**RECORDS TO USE**
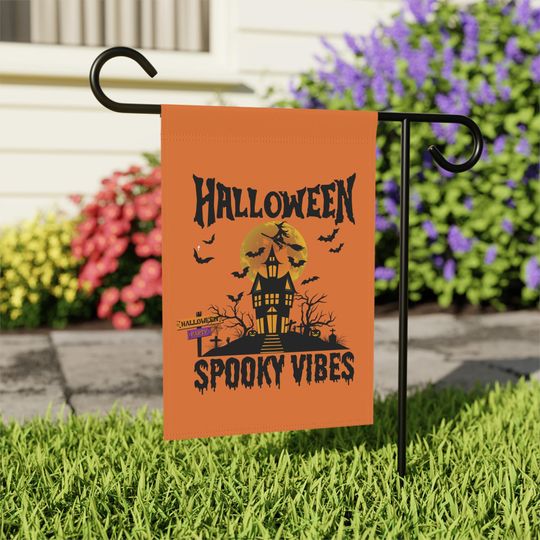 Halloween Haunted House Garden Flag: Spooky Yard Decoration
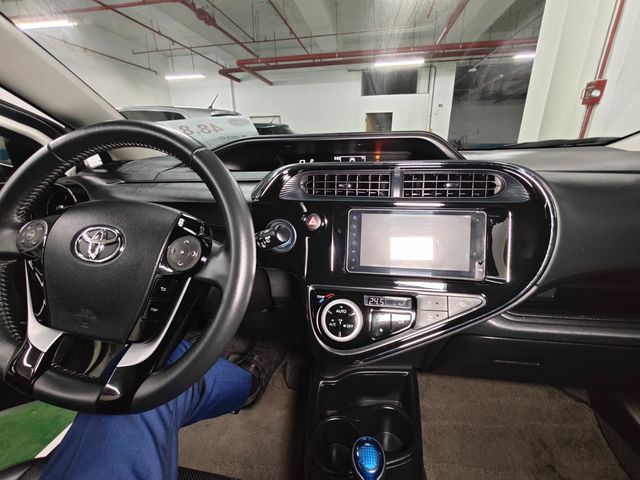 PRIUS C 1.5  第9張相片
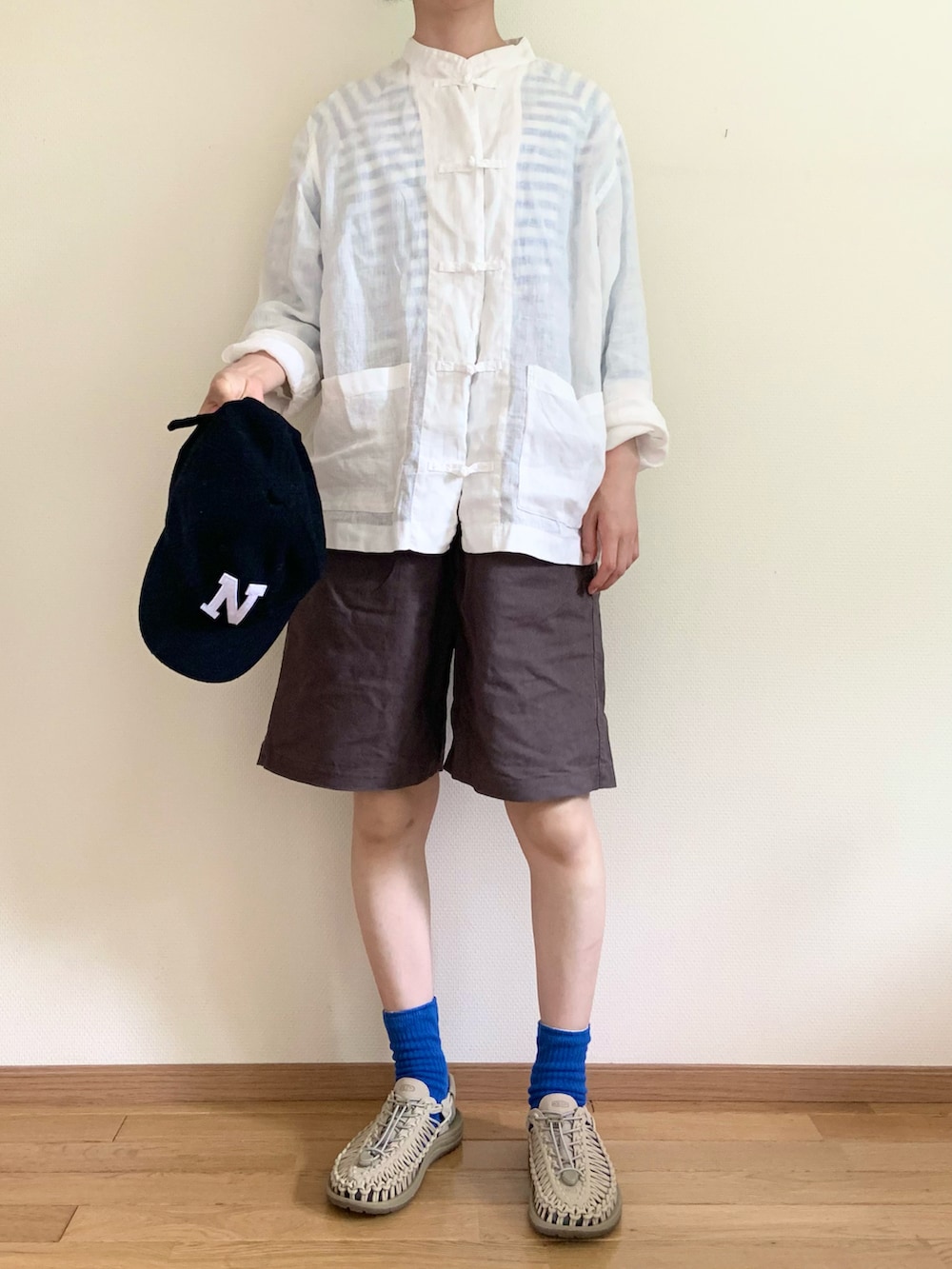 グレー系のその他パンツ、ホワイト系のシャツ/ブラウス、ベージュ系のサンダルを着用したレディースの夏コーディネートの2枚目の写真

...

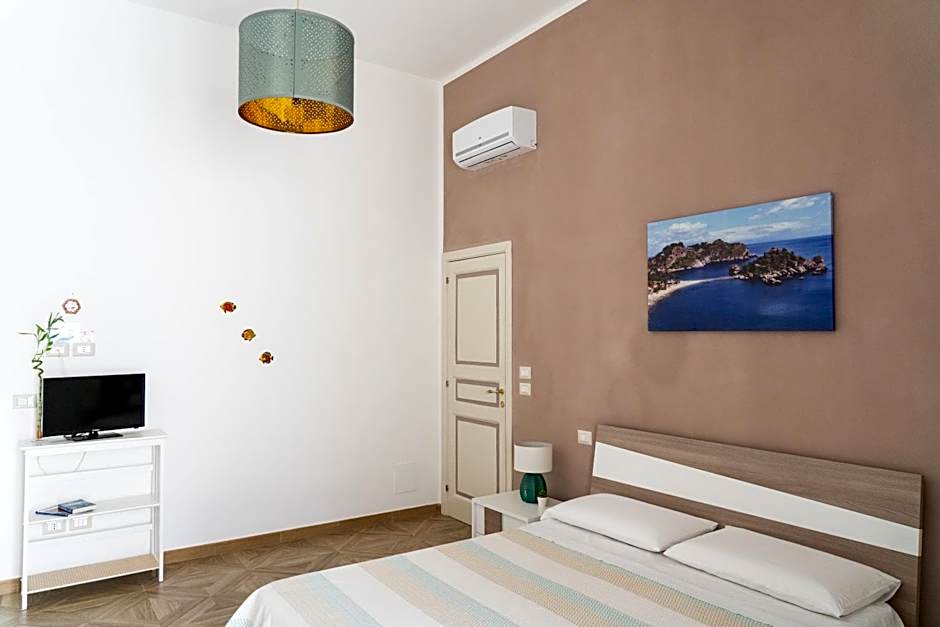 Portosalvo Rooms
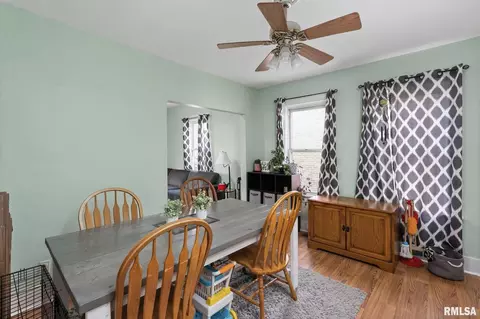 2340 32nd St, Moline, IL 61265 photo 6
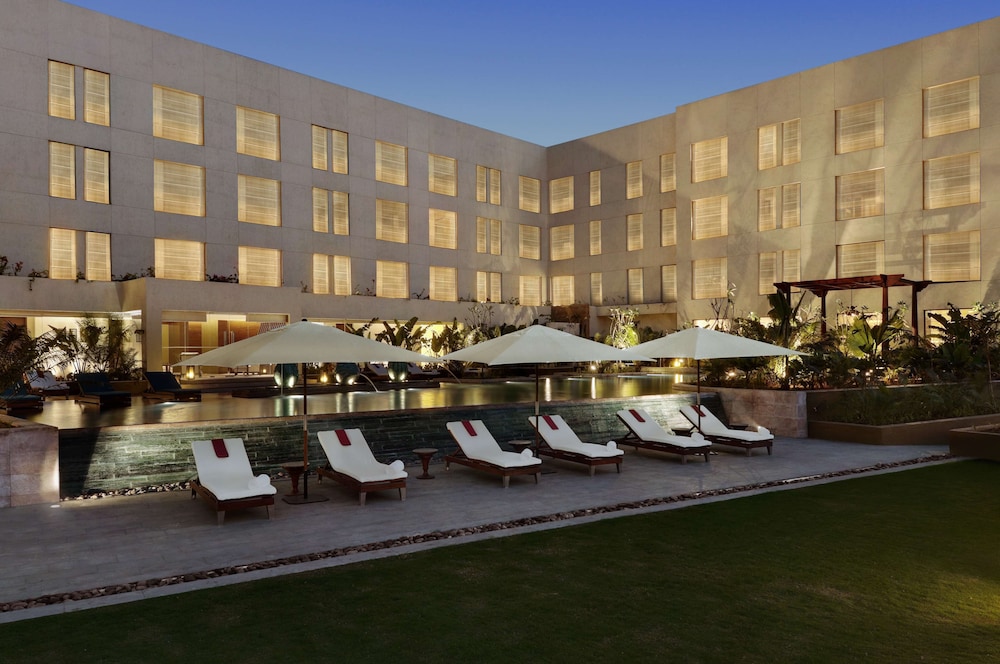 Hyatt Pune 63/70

==

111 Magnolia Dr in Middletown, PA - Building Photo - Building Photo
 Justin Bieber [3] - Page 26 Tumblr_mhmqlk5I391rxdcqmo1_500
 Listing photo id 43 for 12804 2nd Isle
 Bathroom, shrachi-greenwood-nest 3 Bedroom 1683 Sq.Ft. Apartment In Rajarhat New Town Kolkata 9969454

**REQUIRED ACTION**
Pictures aside, print exactly the lines above starting with the one containing "Halloween Haunted House" and going on through the one containing "グレー系のその他パンツ、ホワ".

**SOLVED PROBLEM**
 Halloween Haunted House Garden Flag: Spooky Yard Decoration
 PRIUS C 1.5  第9張相片
 グレー系のその他パンツ、ホワイト系のシャツ/ブラウス、ベージュ系のサンダルを着用したレディースの夏コーディネートの2枚目の写真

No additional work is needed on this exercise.